Toutes ces données issues de différents champs montrent bien l'intérêt que peut revétir la démonstration dans la pédagogie sportive, seulement, nous pouvons nous demander si cette pratique en elle même peut être une suffisante à la progression technique des joueurs
Les limites de la démonstration
Nous sommes par ailleurs tous conscient qu'observer ne suffit pas forcément pour reproduire exactement le modèle demandé avec autant d'efficacité : en effet, ce n'est pas en montrant un coup droit de Roger Federer à un débutant qu'il va être capable par la suite de le reproduire, idem dans d'autres apprentissages comme la conduite par exemple : regarder quelqu'un réaliser parfaitement un créneau n'est pas un gage de réussite pour l'observateur.
Plusieurs auteurs ont démontré cette limite de la démonstration dans l'apprentissage sportif, et en particulier Michel Desmurget, docteur en neuro-physiologie et enseignant professionnel de tennis qui consacre une ouvrage à cette pratique : Imitation et apprentissage moteur : des neurones miroirs à la pédagogie du geste sportif, Edition Solal. Ce double point de vue de théoricien mais également d'homme de terrain rend cet ouvrage assez incontournable sur la question où il pose certaines limites à cette pratique
1/ La tendance d'imitation porte sur le contenu fonctionne de l'acte moteur (que faire) et non sur le détail cinématique du geste (comment faire). Ce qui est imité c'est l'action, pas le mouvement On peut d'ailleurs se rendre compte sur la photo suivante que le bébé, s'il reproduit globalement le geste de l'adulte ne le reproduit que non parfaitement :
@ ca-coule-de-source.overblog.net
2/ Si l'observation d'une action entraîne une activation de certaines aires motrices dites miroirs, cette activation n'est observée que si l'action fait partie du répertoire moteur de l'observateur : en d'autres termes, il n'y a activations des neurones miroirs seulement si le geste réalisé est déjà connu par le pratiquant.

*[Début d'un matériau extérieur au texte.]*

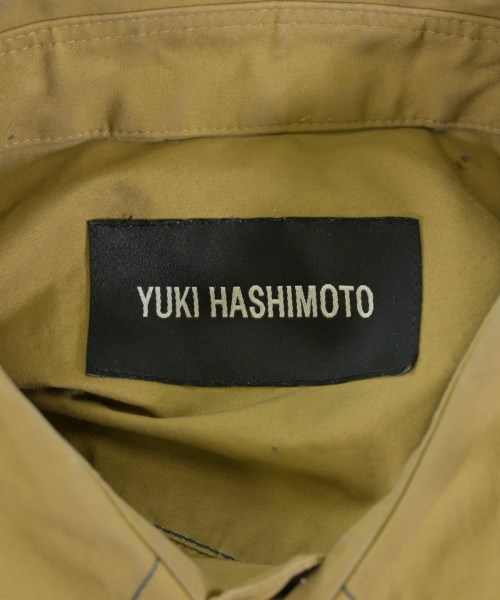 YUKI HASHIMOTO（ユキハシモト）カジュアルシャツ カーキ サイズ:44(S位) メンズ/2200632852017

3/ Pour qu'il y ait imitation, il faut que le sujet ait une idée précise de la forme que prend son corps dans l'espace. Or, chez beaucoup de joueurs, en particulier chez les débutants, il ya un fossé entre le geste réalisé et le geste que le joueur pense réaliser. Cette différence est d'ailleurs souvent source de conflit avec l'enseignant qui ne peut être parfois résolu que par l'apport de la vidéo.

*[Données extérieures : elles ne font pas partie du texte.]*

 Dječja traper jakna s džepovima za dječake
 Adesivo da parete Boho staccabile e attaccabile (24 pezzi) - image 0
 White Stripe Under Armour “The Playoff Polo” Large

4/ Pour qu'il y ait automatisation, il faut qu'il y ait confrontation directe avec la tâche à effectuer. Observer seul ne suffit pas, car elle ne procure aucune information sur la dynamique du mouvement (les muscles à mettre en action) ou encore le rythme.
5/ Des gestes en apparence identiques peuvent être en réalité à des processus neurophysiologiques différents. Le fait de reproduire un geste peut corrompre l'apprentissage du tennis en recherchant non pas un geste s'adaptant à une circonstance mais plus un geste idéal (morphocinèse au lieu de téléocinèse)

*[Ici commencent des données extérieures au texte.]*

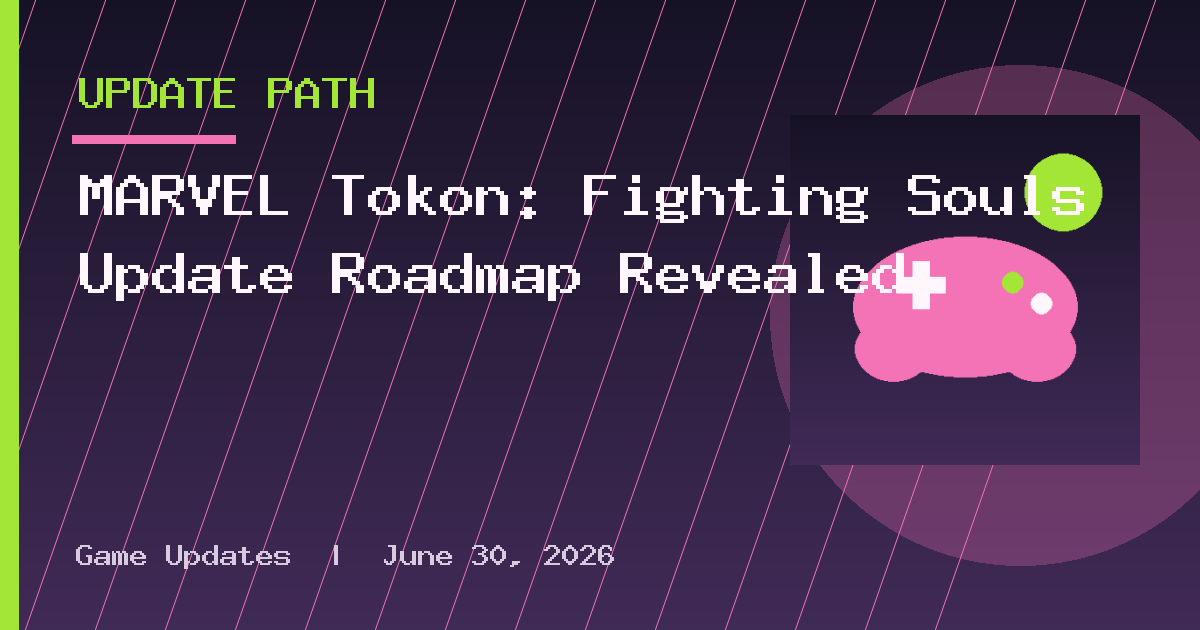 MARVEL Tōkon: Fighting Souls Update Roadmap Revealed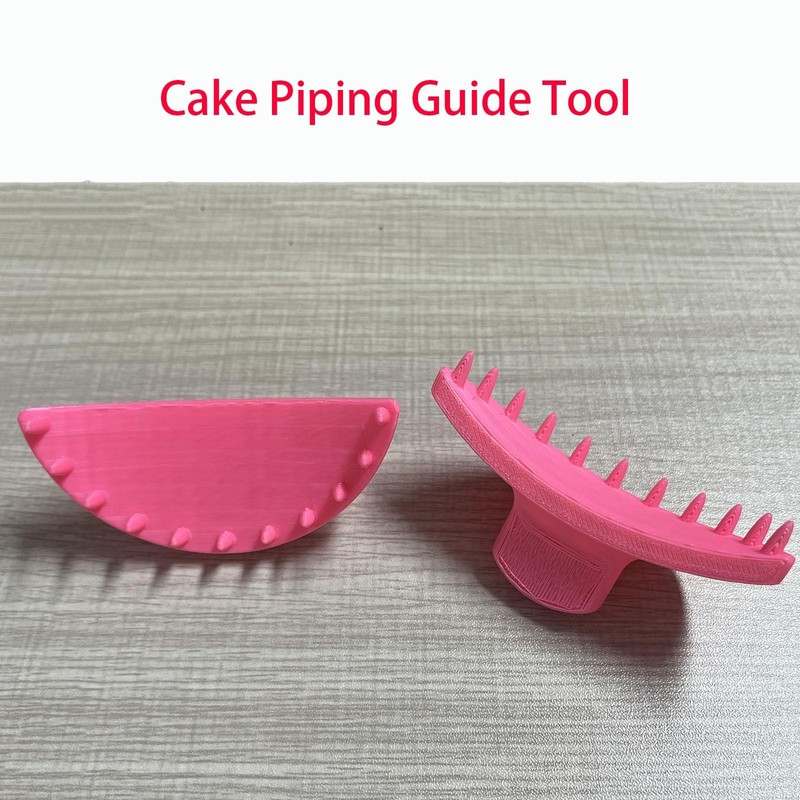 2 PCS Cake Arch Guide Tool Cake Piping Guide Tool Ruffle Guide Stencil Cake gallery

6/ La logique des approches démonstratives tendent à créer la constitution d'invariants rigides et impérieux dans la formation technique du joueur. Ces invariants sont une entrave massive dans la perspective d'apprentissage futur.
7/ la capacité à dissocier et coordonner les groupes musculaires impliqués dans l'action est le produit de l'expertise. De ce fait, il est illusoire de penser qu'un élève non expert puisse reproduire le geste achevé d'un pratiquant de bon voire de haut niveau.
On pourrait également ajouter à cette liste le fait que pour que l'observation soit efficace, il faut une capacité d'analyse importante chez l'observateur avec des connaissances précises permettant de ressortir du geste observé les points importants. Or, chez bon nombres de sportifs, cette capacité n'est soit pas présente, soit partielle ce qui va forcément altérer l'efficacité du procédé pédagogique.
Si tout à coup, à la lumière de cette étude la pratique de la démonstration semble beaucoup moins évidente, il convient de nuancer également les propos en se posant la question du type de démonstration utilisée lors de la séance de tennis.
La place actuelle de la démonstration dans l'apprentissage du tennis
Pour beaucoup encore et en particulier pour ses détracteurs, la démonstration revient aux pratiques d'il y a trente ans avec un enseignant démontrant un geste globalement et demandant à ses élèves de le reproduire à blanc au début, puis par la suite en renvoyant une balle envoyée par l'enseignant pour enfin le mettre en pratique sous forme d'échanges.
@ toei animation
Pourtant, si la démonstration est encore aujourd'hui présente, les objectifs ont quand à eux évolués car elle est pratiquée aujourd'hui de manière à montrer, non pas un geste global mais plutôt certains points importants qui vont être à réaliser, certains étant issus du cahier de l'enseignant de la FFT :
- La démonstration doit insister sur un ou plusieurs points techniques précis mis en avant et surtout doit être commentée par l'enseignant pour faire appel également à l'apprentissage auditif des élèves.
- Cette démonstration doit impérativement être accompagnée d'une mise en situation des élèves pour faire appel à l'apprentissage cognitif des élèves leur permettant de répéter des actions motrices.
- La démonstration doit être effectuée correctement, soit par l'enseignant soit par un élèves réussissant correctement la tâche. On pourrait même aller plus loin : il faut que cette démonstration soit adaptée à l'élève en particulier à sa main dominante : démontrer en droitier pour un gaucher peut provoquer des difficultés pour l'élève à retranscrire les bonnes informations.
- La démonstration est utile pour provoquer un questionnement et une réflexion chez l'enfant, en particulier sur le comment faire.
Enfin, démontrer permet de gagner du temps dans la mise en place des situations d'apprentissage en favorisant une compréhension rapide et ainsi de gagner en temps de jeu au cours de la séance.
Conclusion
Il ne faut pas faire l'amalgame entre démonstration et la pédagogie du geste. La démonstration est un moyen pédagogique et donc à ce titre son efficacité va dépendre avant tout de la pertinence de son utilisation par l'enseignant en fonction du type de public.
Par contre, il a été montré qu'une démonstration globale d'un geste ne présentait que peu d'intérêt car demande une capacité d'analyse ainsi qu'une connaissance de son corps dans l'espace qu'un joueur ne possède que très rarement. La démonstration devra donc cibler des points clés précis et être commentée par l'enseignant afin de donner sa pleine efficacité pédagogique.